There was only "incident." At the Watering Hole, McWhirter screwed up the pool shot of a golden-maned, mean-eyed, drugged-up "cowboy"—who could well have been a real one, in town after the drive from Abilene to Schenectady, as he smelled powerfully of the stockyards. Or, it could have been a new scent, Shitkicker, from the makers of Brut. The cowboy grabbed McWhirter by the scruff of the neck and instructed him to "get your faggot ass outta my way," but I rapidly separated the two, and Greco placated the cowboy with a rum and coke and gamely attempted to recruit him. The cowboy suddenly

recognized McWhirter and Greco from the TV news, and Greco's pitch did seem to set some wheels spinning in his mind, but he said his parish priest wouldn't like it and he didn't sign up.

At the Green Room, McWhirter worked the backroom disco while Greco made his way into the smog of beer breath and smoke of the front-room piano bar. I tagged along with Greco into the crowd of alcoholic fifties queens up front, even though the room had always made me uncomfortable. The problem was, I always left with the nagging feeling that I belonged there. The yellow-haired cowboy from the watering Hole came in just after Greco and I did. He peered around, seemed to decide that he didn't belong there at all, and fled back into the night.

At the piano bar, Greco unexpectedly ran into his old lover of ten years earlier, Tad something-or-other. It seemed to be a night for that. Timmy was still nowhere to be seen.

Greco and Tad were startled to see each other. Their brief conversation was awkward. I didn't listen in, but, trained and inclined to be nosy, I took in what I could by glancing their way from time to time. Tad, who'd been alone at the bar and sullenly preoccupied with a snifter of something warm and murky, grew quickly hostile, and Greco, looking injured and confused, soon retreated.

"An unhappy reunion?" I said.

Greco shrugged, trying to look philosophical, but his dark eyes were bright with hurt.

"You can't go home again," I said, and looked around to see if Timmy had come in the door.

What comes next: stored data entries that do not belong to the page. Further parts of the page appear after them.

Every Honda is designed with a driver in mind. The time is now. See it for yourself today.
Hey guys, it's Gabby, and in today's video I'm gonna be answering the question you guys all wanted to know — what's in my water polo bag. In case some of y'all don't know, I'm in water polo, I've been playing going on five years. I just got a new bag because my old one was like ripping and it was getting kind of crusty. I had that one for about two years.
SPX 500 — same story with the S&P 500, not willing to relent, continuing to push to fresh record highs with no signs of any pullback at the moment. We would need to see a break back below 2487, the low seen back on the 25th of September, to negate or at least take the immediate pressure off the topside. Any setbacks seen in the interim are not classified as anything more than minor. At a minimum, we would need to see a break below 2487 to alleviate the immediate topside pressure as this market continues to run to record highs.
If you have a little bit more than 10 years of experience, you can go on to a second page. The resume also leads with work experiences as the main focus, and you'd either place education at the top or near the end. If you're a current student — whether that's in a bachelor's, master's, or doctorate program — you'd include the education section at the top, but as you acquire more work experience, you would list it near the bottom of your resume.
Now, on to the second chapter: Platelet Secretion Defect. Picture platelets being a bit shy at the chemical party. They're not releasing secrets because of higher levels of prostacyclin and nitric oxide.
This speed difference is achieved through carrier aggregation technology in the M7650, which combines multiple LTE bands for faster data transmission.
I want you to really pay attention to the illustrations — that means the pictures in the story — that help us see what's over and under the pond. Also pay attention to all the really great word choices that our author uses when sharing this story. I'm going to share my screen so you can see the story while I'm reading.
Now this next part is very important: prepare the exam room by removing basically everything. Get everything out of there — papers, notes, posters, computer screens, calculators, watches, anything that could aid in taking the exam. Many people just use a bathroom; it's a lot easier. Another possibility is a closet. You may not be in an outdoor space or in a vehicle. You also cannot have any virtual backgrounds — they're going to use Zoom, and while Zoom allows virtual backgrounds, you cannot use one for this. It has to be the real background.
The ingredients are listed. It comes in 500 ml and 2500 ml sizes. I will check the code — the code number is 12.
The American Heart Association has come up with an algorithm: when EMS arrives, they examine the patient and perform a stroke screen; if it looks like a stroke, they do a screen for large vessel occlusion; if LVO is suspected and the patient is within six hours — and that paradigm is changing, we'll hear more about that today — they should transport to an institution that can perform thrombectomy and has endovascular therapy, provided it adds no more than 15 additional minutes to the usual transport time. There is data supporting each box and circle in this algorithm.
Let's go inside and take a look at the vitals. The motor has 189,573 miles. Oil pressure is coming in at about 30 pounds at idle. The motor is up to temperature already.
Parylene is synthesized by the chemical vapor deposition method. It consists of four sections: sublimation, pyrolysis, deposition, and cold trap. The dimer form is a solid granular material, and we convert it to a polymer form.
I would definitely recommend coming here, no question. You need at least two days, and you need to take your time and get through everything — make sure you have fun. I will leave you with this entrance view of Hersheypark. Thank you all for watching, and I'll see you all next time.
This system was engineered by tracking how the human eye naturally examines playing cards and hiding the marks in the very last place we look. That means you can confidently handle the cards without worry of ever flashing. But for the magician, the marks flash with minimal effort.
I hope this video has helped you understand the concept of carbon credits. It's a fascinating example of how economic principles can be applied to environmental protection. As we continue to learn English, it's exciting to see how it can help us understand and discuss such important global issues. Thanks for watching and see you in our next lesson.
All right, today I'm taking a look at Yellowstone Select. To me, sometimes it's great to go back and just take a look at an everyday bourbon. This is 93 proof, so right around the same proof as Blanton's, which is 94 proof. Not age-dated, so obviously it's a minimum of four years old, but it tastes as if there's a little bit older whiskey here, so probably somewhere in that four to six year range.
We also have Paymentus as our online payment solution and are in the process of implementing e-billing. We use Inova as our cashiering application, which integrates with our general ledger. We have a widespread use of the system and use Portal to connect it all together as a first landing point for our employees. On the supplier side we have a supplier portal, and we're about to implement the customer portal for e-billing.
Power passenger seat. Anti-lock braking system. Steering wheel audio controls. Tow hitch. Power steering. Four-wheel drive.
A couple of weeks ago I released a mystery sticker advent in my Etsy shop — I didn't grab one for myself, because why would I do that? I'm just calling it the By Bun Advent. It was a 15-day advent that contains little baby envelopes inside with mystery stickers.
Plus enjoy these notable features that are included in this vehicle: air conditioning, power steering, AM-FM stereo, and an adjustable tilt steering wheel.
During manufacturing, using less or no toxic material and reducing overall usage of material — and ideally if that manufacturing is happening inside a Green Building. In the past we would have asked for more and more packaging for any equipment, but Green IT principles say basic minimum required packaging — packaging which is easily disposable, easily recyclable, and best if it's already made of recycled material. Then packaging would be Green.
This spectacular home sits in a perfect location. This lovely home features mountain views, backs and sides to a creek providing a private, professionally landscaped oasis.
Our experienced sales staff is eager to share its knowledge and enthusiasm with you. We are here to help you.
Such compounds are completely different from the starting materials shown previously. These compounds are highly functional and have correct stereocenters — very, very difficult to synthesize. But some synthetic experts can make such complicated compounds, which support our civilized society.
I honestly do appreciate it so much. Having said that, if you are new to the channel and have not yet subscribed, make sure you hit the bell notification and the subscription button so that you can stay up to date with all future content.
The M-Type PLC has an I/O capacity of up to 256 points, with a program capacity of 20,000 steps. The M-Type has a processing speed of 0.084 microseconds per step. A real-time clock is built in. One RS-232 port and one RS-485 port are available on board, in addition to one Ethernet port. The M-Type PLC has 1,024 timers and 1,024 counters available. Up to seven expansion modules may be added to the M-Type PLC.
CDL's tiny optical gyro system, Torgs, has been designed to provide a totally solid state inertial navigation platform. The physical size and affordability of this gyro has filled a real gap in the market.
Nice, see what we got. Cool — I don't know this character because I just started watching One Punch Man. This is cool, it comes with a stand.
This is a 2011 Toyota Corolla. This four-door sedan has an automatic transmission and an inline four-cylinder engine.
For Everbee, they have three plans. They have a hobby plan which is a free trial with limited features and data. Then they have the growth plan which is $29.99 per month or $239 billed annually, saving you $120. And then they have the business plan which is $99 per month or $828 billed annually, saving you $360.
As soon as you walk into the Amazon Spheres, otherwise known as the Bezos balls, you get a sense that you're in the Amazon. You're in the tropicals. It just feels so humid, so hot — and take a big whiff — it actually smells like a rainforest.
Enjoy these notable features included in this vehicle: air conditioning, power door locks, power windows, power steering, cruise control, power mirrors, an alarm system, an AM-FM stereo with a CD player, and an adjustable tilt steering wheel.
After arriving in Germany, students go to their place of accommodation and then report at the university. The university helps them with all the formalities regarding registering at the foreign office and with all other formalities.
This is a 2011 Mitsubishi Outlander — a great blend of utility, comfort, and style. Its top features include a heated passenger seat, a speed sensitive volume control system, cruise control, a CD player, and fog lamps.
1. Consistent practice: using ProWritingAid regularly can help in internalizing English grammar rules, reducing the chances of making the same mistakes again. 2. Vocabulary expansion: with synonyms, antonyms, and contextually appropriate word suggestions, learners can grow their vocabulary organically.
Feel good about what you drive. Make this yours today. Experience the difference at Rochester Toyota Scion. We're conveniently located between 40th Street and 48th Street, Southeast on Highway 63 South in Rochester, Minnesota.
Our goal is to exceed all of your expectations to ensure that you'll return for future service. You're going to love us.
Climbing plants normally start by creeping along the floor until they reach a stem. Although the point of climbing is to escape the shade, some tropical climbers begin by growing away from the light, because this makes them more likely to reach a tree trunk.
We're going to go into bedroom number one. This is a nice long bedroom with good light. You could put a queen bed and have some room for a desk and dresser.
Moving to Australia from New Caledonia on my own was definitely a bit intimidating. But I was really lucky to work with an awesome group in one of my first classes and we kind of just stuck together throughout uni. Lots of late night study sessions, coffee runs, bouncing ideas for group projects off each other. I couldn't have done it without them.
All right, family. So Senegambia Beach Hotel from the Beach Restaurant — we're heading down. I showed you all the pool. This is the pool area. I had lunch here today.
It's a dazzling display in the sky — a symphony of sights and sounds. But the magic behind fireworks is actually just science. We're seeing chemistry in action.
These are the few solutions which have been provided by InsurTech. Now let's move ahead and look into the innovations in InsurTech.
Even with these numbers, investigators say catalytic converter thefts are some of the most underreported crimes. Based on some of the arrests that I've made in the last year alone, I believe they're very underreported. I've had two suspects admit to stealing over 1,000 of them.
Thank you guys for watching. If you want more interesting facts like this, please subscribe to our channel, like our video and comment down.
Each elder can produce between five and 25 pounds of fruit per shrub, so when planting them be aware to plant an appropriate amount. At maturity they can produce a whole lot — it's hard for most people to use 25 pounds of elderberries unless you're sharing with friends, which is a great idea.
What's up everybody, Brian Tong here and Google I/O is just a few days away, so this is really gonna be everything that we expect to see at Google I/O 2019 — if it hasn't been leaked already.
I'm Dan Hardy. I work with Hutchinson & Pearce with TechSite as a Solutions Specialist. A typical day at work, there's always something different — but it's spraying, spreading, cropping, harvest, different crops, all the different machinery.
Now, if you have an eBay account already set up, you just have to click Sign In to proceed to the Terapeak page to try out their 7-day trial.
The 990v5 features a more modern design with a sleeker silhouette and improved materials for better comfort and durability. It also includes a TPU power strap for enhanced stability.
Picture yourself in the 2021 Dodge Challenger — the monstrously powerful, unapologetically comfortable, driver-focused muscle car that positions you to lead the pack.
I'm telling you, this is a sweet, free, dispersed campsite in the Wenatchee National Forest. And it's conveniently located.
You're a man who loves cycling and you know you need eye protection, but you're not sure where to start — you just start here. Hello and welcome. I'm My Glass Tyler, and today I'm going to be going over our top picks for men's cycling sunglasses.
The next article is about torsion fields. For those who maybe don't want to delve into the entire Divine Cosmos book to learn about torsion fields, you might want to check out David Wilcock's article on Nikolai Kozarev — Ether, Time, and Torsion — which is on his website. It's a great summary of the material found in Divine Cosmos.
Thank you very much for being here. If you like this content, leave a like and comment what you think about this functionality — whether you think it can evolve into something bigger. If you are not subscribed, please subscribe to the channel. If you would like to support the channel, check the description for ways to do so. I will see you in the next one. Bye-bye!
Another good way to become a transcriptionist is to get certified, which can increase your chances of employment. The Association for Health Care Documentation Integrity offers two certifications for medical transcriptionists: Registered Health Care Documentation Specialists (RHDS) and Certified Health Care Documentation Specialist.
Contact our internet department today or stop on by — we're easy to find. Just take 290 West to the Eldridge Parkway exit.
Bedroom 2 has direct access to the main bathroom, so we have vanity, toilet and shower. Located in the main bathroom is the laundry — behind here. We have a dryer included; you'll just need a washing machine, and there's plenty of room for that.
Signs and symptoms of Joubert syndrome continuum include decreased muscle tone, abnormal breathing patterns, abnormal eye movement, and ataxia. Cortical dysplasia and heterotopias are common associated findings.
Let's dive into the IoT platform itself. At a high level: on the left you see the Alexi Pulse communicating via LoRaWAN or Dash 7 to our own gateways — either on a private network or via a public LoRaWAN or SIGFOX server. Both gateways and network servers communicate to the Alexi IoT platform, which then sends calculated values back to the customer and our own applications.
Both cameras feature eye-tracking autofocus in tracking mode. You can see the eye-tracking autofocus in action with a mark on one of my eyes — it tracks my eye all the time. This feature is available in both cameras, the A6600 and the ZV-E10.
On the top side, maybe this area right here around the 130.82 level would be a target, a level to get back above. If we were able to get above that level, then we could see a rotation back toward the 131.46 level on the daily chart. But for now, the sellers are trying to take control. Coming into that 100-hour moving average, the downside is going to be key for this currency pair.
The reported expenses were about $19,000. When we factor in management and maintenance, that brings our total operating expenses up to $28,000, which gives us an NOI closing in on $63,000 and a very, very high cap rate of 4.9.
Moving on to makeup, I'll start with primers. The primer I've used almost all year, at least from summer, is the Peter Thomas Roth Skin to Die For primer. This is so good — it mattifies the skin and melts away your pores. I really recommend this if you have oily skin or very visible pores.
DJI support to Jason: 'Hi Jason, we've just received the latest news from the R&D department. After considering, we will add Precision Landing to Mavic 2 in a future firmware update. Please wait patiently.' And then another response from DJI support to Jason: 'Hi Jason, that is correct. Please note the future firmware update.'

He hadn't. "When it's over, it's over. Never apologize, never explain. Never look back, or something might be gaining on you. What are some of the other ones?"

Greco didn't laugh. "Tad asked me for the money

back," he said, shaking his head in disbelief. My immediate assumption was that Tad, my age or older, had once "kept" Greco. "All he could talk about," Greco said glumly, "was his lousy three thousand dollars. Of our whole year together, that's the only thing he remembers. God."